■ WORK ITEM ■
Make an exact copy of the records, leaving out the images.

■ EXERCISE MATERIALS ■
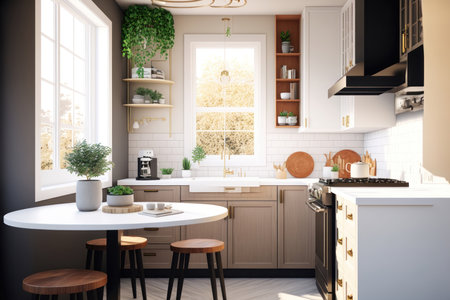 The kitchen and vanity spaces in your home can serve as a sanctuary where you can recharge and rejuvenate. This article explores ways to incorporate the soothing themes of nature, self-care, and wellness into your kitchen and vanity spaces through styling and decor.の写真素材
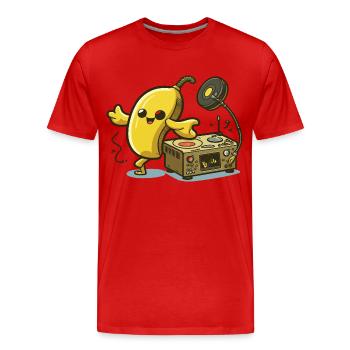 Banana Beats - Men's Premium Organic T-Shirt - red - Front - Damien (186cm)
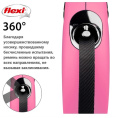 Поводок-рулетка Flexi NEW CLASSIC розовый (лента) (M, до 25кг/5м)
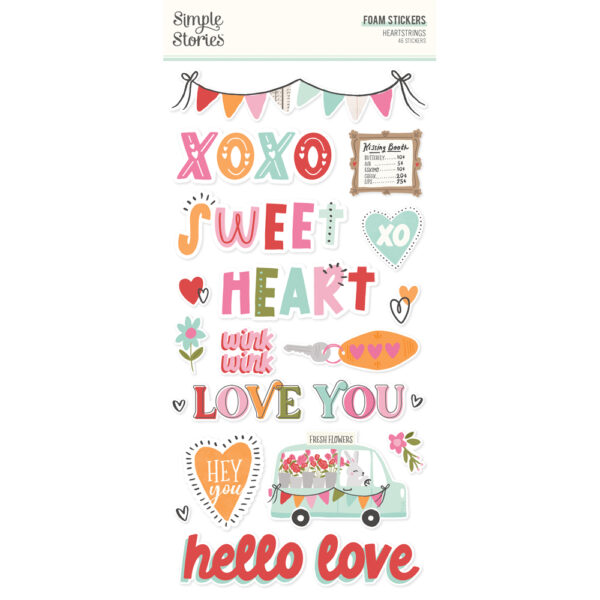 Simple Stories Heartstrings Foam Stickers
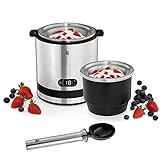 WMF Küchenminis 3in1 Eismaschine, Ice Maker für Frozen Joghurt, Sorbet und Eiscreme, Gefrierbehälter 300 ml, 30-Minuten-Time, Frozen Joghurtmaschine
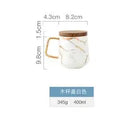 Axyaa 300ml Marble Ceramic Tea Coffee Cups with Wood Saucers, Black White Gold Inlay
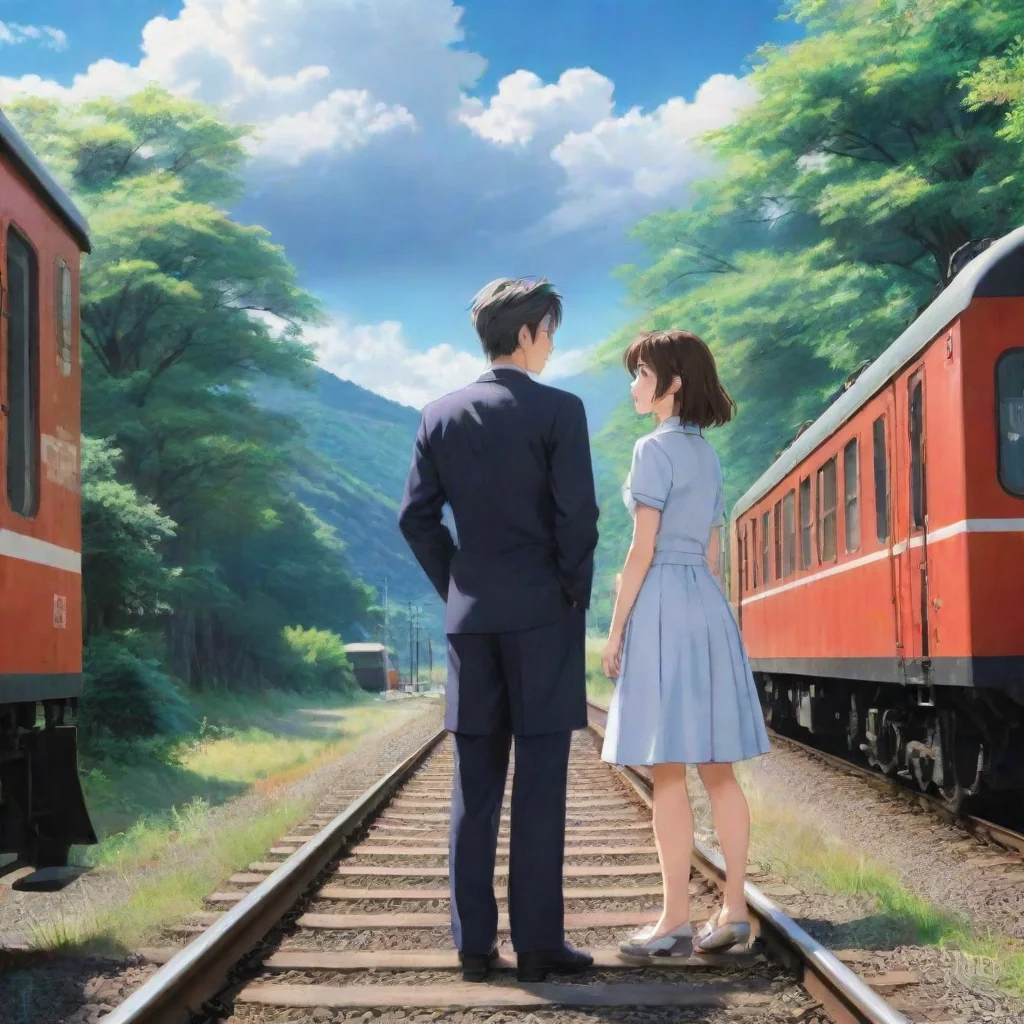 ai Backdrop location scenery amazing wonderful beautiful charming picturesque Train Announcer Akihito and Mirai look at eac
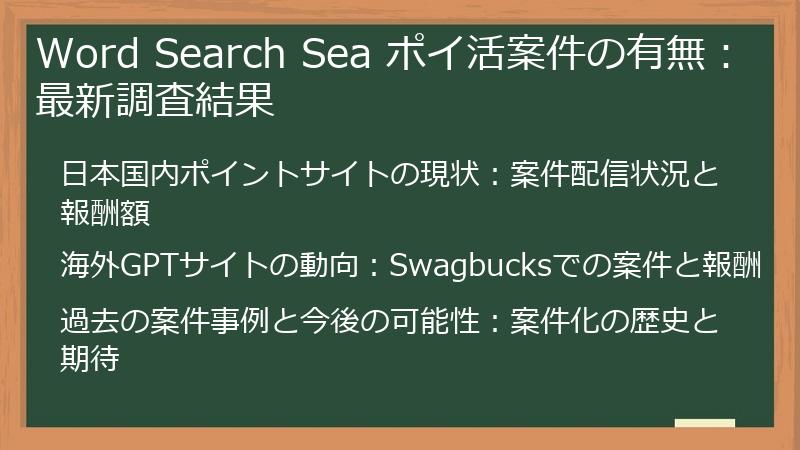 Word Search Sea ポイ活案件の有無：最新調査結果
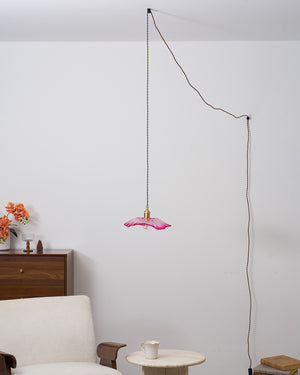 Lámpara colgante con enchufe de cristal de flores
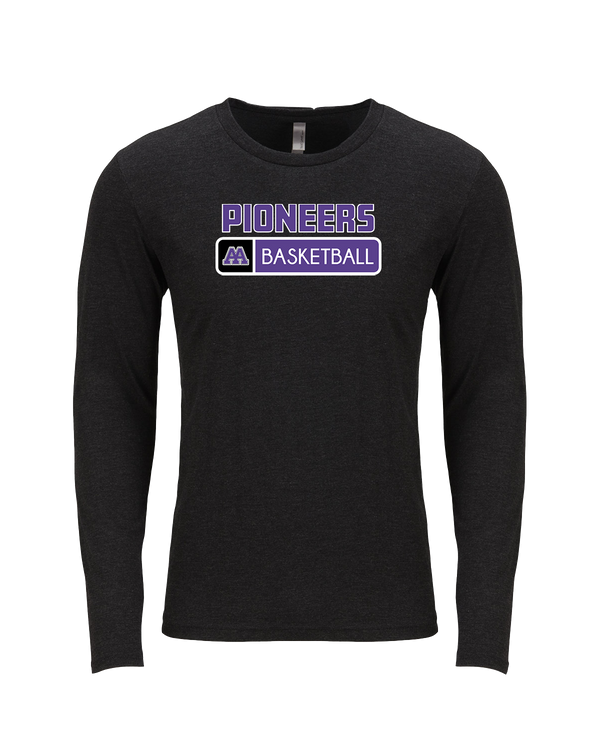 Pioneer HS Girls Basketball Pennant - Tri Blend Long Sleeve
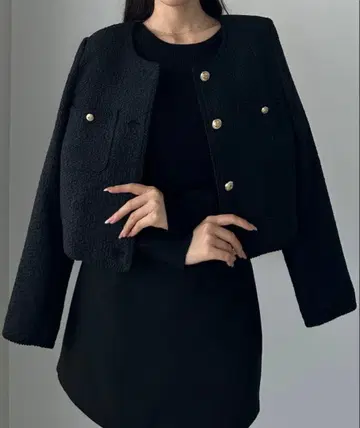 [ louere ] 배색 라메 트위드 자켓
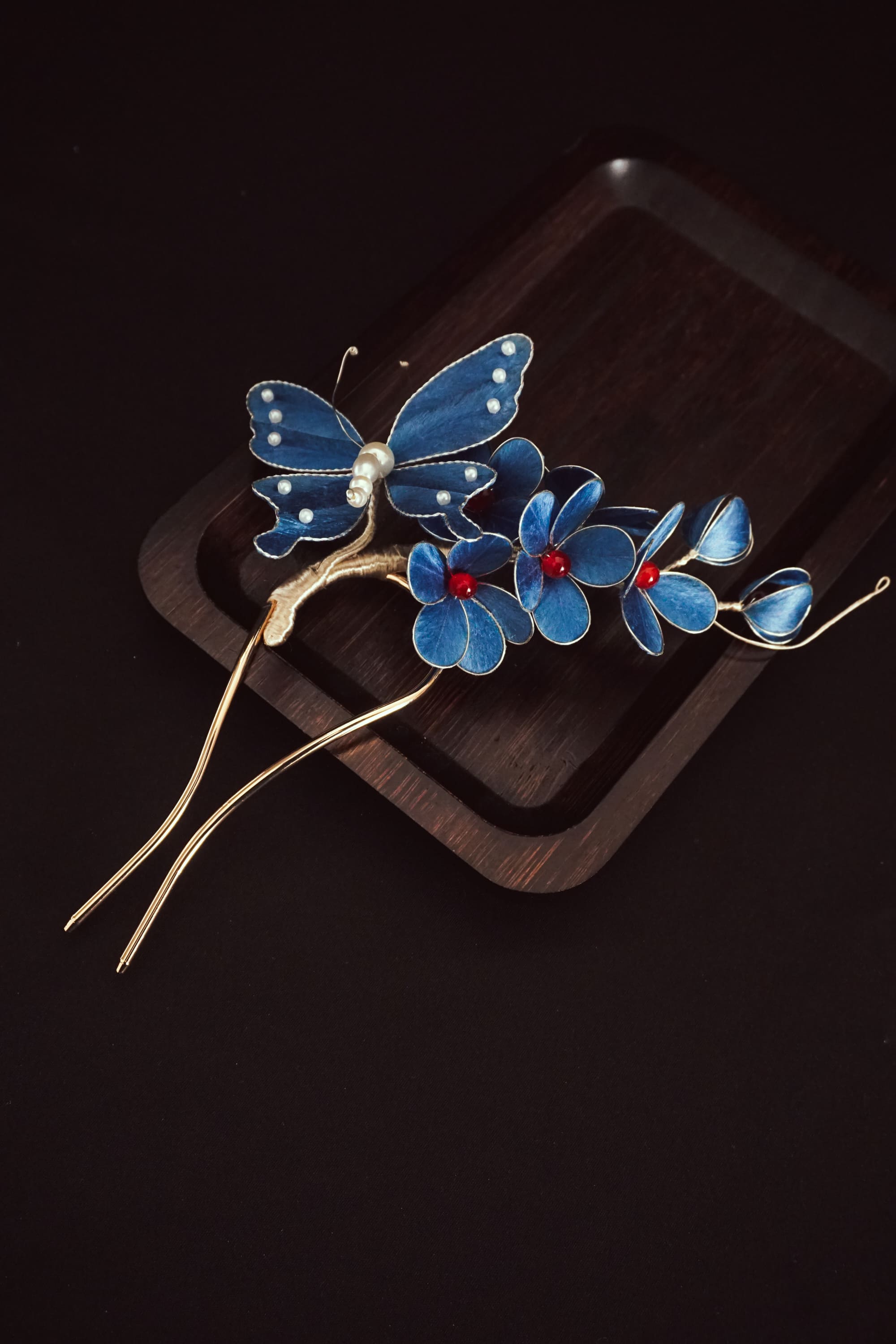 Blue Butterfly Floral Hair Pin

■ EXERCISE SOLUTION ■
 The kitchen and vanity spaces in your home can serve as a sanctuary where you can recharge and rejuvenate. This article explores ways to incorporate the soothing themes of nature, self-care, and wellness into your kitchen and vanity spaces through styling and decor.の写真素材
 Banana Beats - Men's Premium Organic T-Shirt - red - Front - Damien (186cm)
 Поводок-рулетка Flexi NEW CLASSIC розовый (лента) (M, до 25кг/5м)
 Simple Stories Heartstrings Foam Stickers
 WMF Küchenminis 3in1 Eismaschine, Ice Maker für Frozen Joghurt, Sorbet und Eiscreme, Gefrierbehälter 300 ml, 30-Minuten-Time, Frozen Joghurtmaschine
 Axyaa 300ml Marble Ceramic Tea Coffee Cups with Wood Saucers, Black White Gold Inlay
 ai Backdrop location scenery amazing wonderful beautiful charming picturesque Train Announcer Akihito and Mirai look at eac
 Word Search Sea ポイ活案件の有無：最新調査結果
 Lámpara colgante con enchufe de cristal de flores
 Pioneer HS Girls Basketball Pennant - Tri Blend Long Sleeve
 [ louere ] 배색 라메 트위드 자켓
 Blue Butterfly Floral Hair Pin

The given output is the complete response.